Repeat, Next, & Break
- Repeat is a function that basically initiate an infinite loop. These are not commonly used in statistics. The only way to exit a repeat loop is to call break.
min_value <- 1
max_value <- 500
repeat{ estimates <- computeEstimate()
if(abs(estimates - min_value)< max_value)
{ break
}else{ min_value <- estimates
}
}
I tried the above code but it didn’t converge. The complain was about not finding the function computeEstimate().
Next Loop It is used in any type of looping construct when we want to skip an iteration. I am going to create a that runs for 150 iterations, and pass a next statement to bypass certain cases:
for(i in 1:15){
if(i <= 11){ # I want to skip first 11 iterations
next # go to 12nd iteration
}
print(i-1)# and print i-1
}
[1] 11
[1] 12
[1] 13
[1] 14
Writing functions in R and using them to our analyses
Creating a function that calculates means of all the columns in a data table.
column_wise_mean <- function(m){
number_of_column <- ncol(m)#creating a vector that reads the columns in a data frame
calculated_means <- numeric(number_of_column)#creating an empty vector to store the calculated_means
for(i in 1:number_of_column){ #for 1 through the number of columns
calculated_means[i] <- mean(m[,i]) #calculates mean by columns in m
}
calculated_means #returns the calculated_mean
}
# Checking the function on the iris data set
column_wise_mean(airquality)
[1] NA NA 9.957516 77.882353 6.993464 15.803922
The results shows the mean of the last 4-columns and returns NA for the first two column.

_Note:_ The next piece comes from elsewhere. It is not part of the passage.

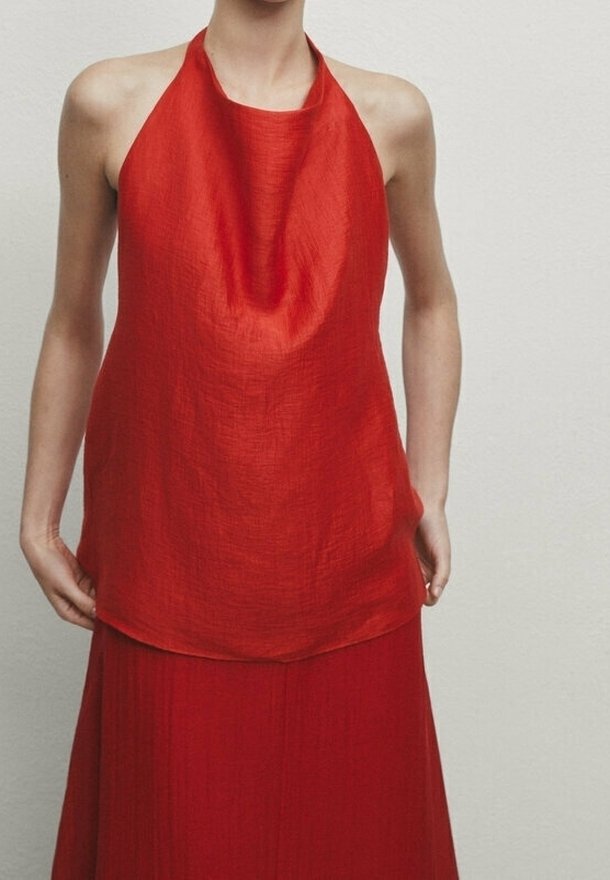 Personne portant un haut rouge sans manches à col halter et une jupe rouge assortie sur un fond clair uni.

A further study of these columns show that there are multiple missing values in them.
Calculating columnwise Standard Deviation after getting rid of NAs
column_wise_sd <- function(n, removeNA = TRUE){
number_of_column <- ncol(n)
calculated_sd <- numeric(number_of_column)

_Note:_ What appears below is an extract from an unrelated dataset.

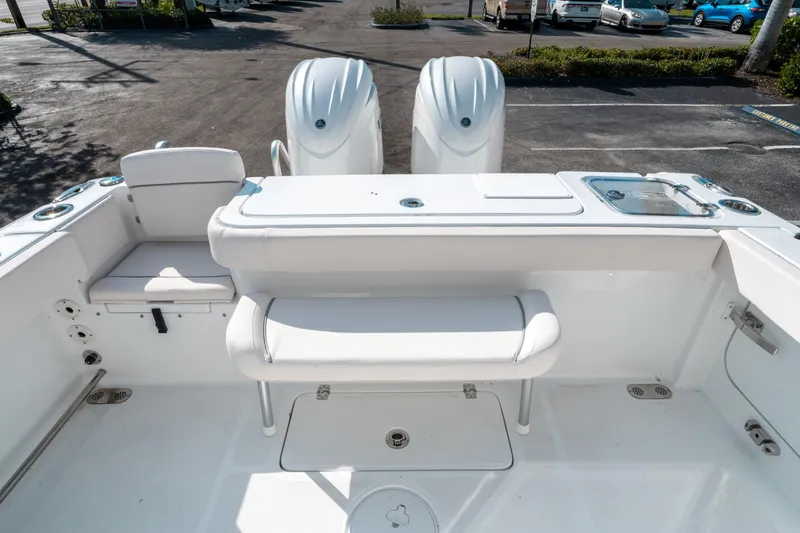 Slide: The Image of 2025 Sea Hunt GAMEFISH 27 CB boat interior with seating and dual engines. - 13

for(i in 1:number_of_column){
calculated_sd[i] <- sd(n[,i], na.rm = removeNA)
}
calculated_sd
}
# Checking the function on the airquality data set
column_wise_sd(airquality)
[1] 32.987885 90.058422 3.523001 9.465270 1.416522 8.864520
Once omitted the Missing Values from the calculations, I was able to calculte standard deviation for all the columns in the airquality dataset.
The “…” Arguemnt in R
The … argument indicates a variable number of arguments that are usually passed on to other functions. It is often used when extending another function and we don’t want to copy the entire argument list of the original function. For example:
plot_line <- function(calculated_mean, calculated_sd, type = "l",...){
plot(calculated_mean, calculated_sd, type = type, ...)
}
#Search Process in R if we accidentally create generic function named as the global function already exists in the stat package, e.g., mean
search()
[1] ".GlobalEnv" "package:stats" "package:graphics"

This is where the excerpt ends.